RNAs often exhibit a high degree of conformational dynamics and heterogeneity, leading to a rugged energy landscape. However, the roles of conformational heterogeneity and rapid dynamics in molecular recognition or RNA function have not been extensively elucidated. Ultrafast time-resolved fluorescence spectroscopic experiments were used here to probe picosecond dynamics of the theophylline-binding RNA aptamer. These studies showed that multiple conformations are populated in the free RNA, indicating that this aptamer employs a conformational capture mechanism for ligand binding. The base on residue 27 in an internal loop exists in at least three conformational states in the free RNA, including binding competent and incompetent states that have distinct fluorescence decay signatures indicating different base stacking interactions.
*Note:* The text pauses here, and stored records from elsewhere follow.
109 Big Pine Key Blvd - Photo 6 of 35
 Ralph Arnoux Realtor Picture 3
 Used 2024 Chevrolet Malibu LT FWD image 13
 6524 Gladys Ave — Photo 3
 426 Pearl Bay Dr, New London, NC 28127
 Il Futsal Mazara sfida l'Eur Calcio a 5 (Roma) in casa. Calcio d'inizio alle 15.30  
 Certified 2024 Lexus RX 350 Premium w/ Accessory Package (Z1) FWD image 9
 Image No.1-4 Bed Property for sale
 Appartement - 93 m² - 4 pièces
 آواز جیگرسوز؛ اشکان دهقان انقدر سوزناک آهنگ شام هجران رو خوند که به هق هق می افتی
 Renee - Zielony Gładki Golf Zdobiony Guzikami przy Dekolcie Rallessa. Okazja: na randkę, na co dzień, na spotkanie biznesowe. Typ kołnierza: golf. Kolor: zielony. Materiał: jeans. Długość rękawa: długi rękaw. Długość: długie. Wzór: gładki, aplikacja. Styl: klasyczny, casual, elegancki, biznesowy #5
Picosecond dynamics were also detected by anisotropy experiments, where these motions indicate additional dynamics for base 27. The picosecond data show that theophylline binding shifts the equilibrium for conformations of base 27 from primarily stacked in the free RNA to mostly unstacked in the RNA theophylline complex, as observed in the previous NMR structure. In contrast, base 10 in a second internal loop is mostly preorganized in the free RNA, consistent with it being stacked between G11 and G25, as is observed in the bound state. Picosecond dynamics were also measured on a modified aptamer that binds with higher affinity to 3-methylxanthine than theophylline. The modified aptamer shows less heterogeneity in the aptamer-3-methylxanthine complex than what is observed in the theophylline aptamer theophylline complex.